As humans, we are wired to seek out and feel rewarded by three things:

Work that matters.

In hunter-gatherer times, work was literally a matter of life and death. Now, the stakes are lower and work is more complex. Modern work is divided into minutia: infinite industries and companies, hundreds of departments, unlimited specialized roles. Many workers, and even companies, lose the forest through the trees. We forget why what we’re doing matters.

But employees innately crave seeing the bigger picture: the fruits of their labor.

Kununu reviewers who were fulfilled at their jobs reported an awareness that their work touched larger, more important things than just themselves. Employees said that providing health care to the elderly, working with special needs kids, helping homeless, at-risk youth and feeding the hungry, for example, was fulfilling. A Bon Secours employee stated being “very proud of my efforts within a mission I believed in with complete PASSION! Giving Back!”

But, importantly, you don’t have to volunteer in Africa to get the bigger picture.

An employee at VCU Health Systems wrote that, “Whether you are a doctor or administrative employee or environmental services employee, you are made to feel (correctly) that you are a key part of the team and important to providing services to people in our city.” The key, this employee suggests, is feeling relevant to a larger mission. One King Jesus Ministry employee said her work was challenging and fulfilling simply because she knew her skills “were reaching thousands of people around the world.” But perhaps this notion is best expressed by a cashier at Price Chopper Operating Co Inc who writes, “[E]ach customer is a task. They each have different needs … And YES I love assisting my customers and making them satisfied. It’s not just my job, but it’s fulfilling to me to help my customers.”

The difference between this employee and others is that this person gets the point of their job and that’s what makes it fulfilling.

The idea of meaningful work, psychologist Angela Duckworth writes in her book Grit, is the belief that “What we do matters to people besides ourselves … ‘In this one small way, I think I’m going to make the world better.’”

Connection with coworkers.

Until the last few millennia, no man regularly hunted alone. No female raised children alone. People who worked together were more likely to survive than loners because society keeps us fed and shelters us from enemies.

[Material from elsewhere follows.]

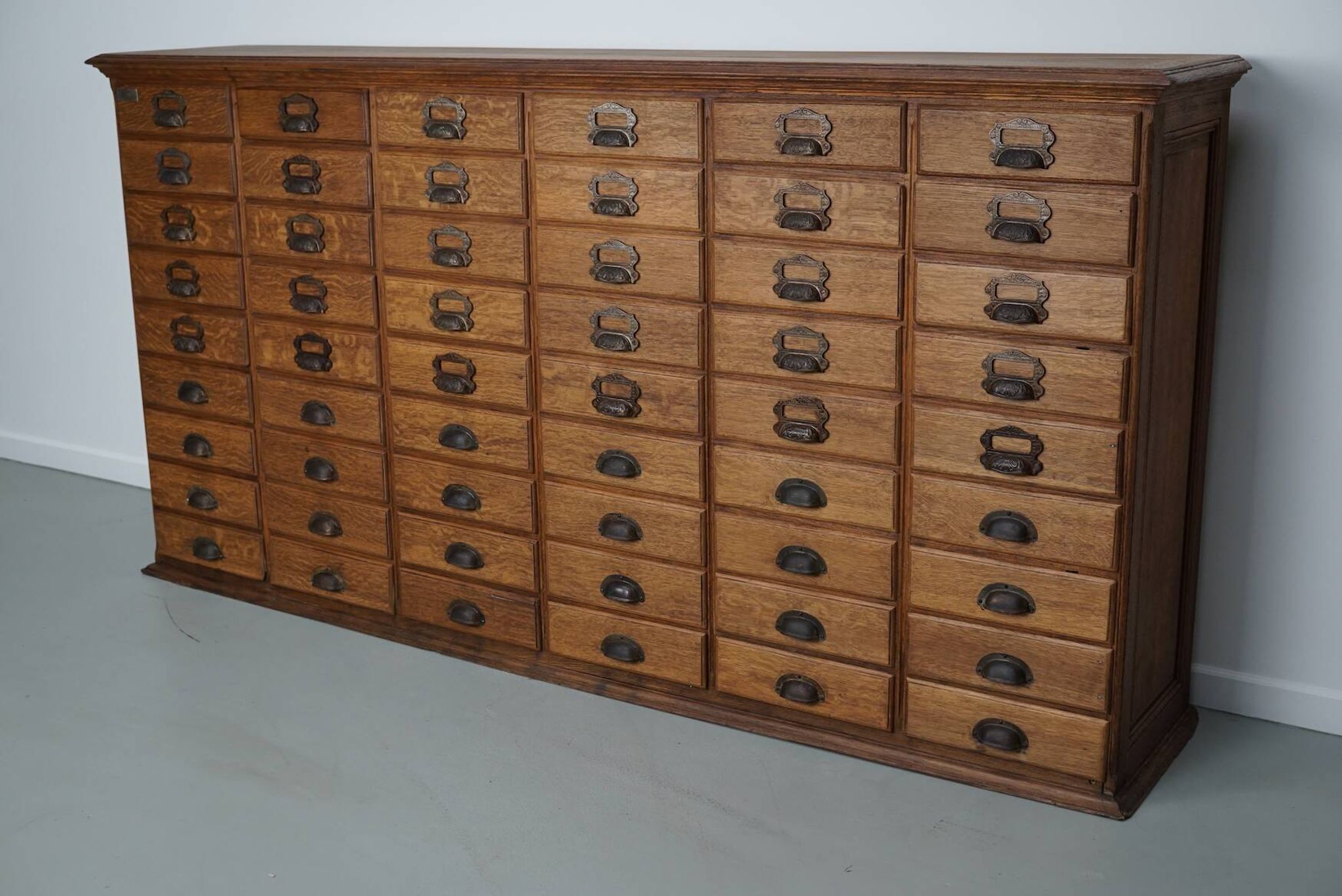 Antique French oak filing / apothecary cabinet by Chouanard, ca 1910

Indeed, the desire to connect is as basic a need as food and safety. And today, even though social interaction isn’t as necessary logistically we want to connect with our coworkers and companies.

For example, one Compass Group employee expressed a deeply rooted desire we all have about work: “[There was] compassion at every point of human contact … We were a family.” Another, from Walmart, reported that employees are “sensitive of everyone whether it is sexual orientation or political beliefs or religion.” A cook at Two Sisters Catering wrote that her company culture was “almost like a family but less fighting.”

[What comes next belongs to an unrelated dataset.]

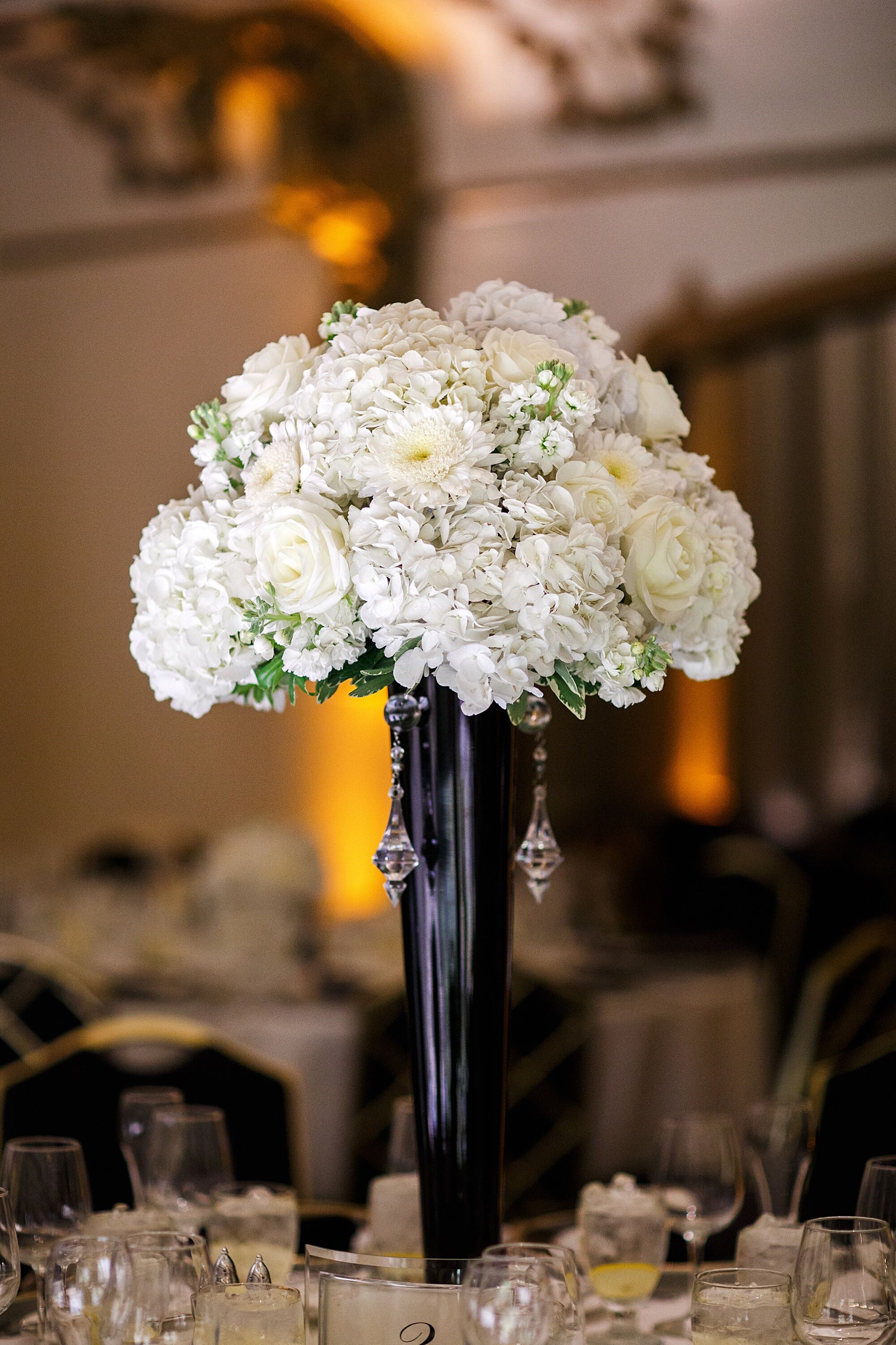 Black-and-White Centerpiece With Roses and Hydrangeas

While these examples show how positive a work environment can be, in today’s work world, the opposite may be more common.

For instance, many employees said they suffered from a sustained lack of human contact, particularly in favor of electronic communication. One Toni&Guy Hairdressing Academy employee reported an atmosphere that “pits employees against each other.” An employee at Burlington Coat Factory Department Store said that company culture was defined by “Distrust, anger, resentment, laziness, lack of empathy for fellow employees.” At least according to reviews, this attitude appears particularly pervasive among managers. One Visa employee said that managers “don’t care all that much about positive interactions, positive outcomes, or developing teams of people who want to have careers that are fulfilling.”

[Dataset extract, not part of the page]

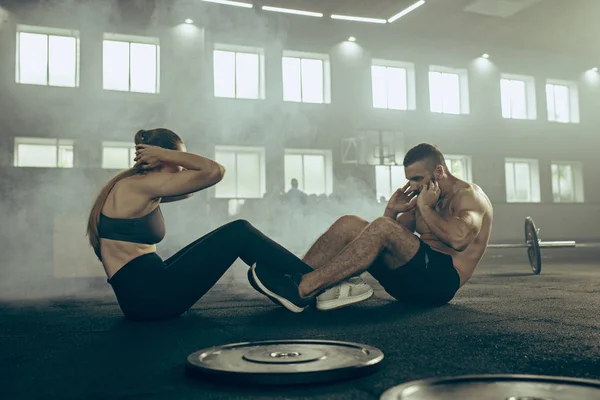 Hombre y mujer durante los ejercicios en el gimnasio. CrossFit . — Foto de Stock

Since there are so many different job types and industries, it’s impossible to generalize what human connection looks like in the workplace. But the fact of the matter is that human connection is so important that it can even mitigate the misery of undesirable work; a FedEx Office (Dallas, TX) employee explained that there’s camaraderie and human connection among coworkers despite a terrible working environment: “All employees below center managers are most likely miserable, but because of that equality coworkers and colleagues stick together and share humility.”

Laziness.

Not everything we evolved to do manifests positively in today’s workforce. We evolved, like all animals, to exercise the least amount of effort for the highest reward.

Take food as an example: We developed the spear because it was easier to kill things than using our hands. We developed the gun because it was more effective than the spear. Now factory farming is so pervasive because it’s the easiest way to get the most amount of yield from the least amount of effort. The same applies to work.

A recent study by University of College London discovered that, when given the choice, we often take the path of least resistance. Rather than strive toward the best possible outcome in life or work, we frequently opt for the “low hanging fruit,” researchers sum.

Along this same vein, we’re quick to point out laziness in others. One Fire Bus Systems Inc wrote, “Only a hand full of people did any real work.” Another, from Cracker, lamented that “the company cultivates laziness in their management.” A Lehigh County Authority employee summed that her company culture was “Lazy, reactive, not pro-active”, while a Mercer worker wrote, “Outside of my immediate colleagues, there’s wanton laziness and incompetence.”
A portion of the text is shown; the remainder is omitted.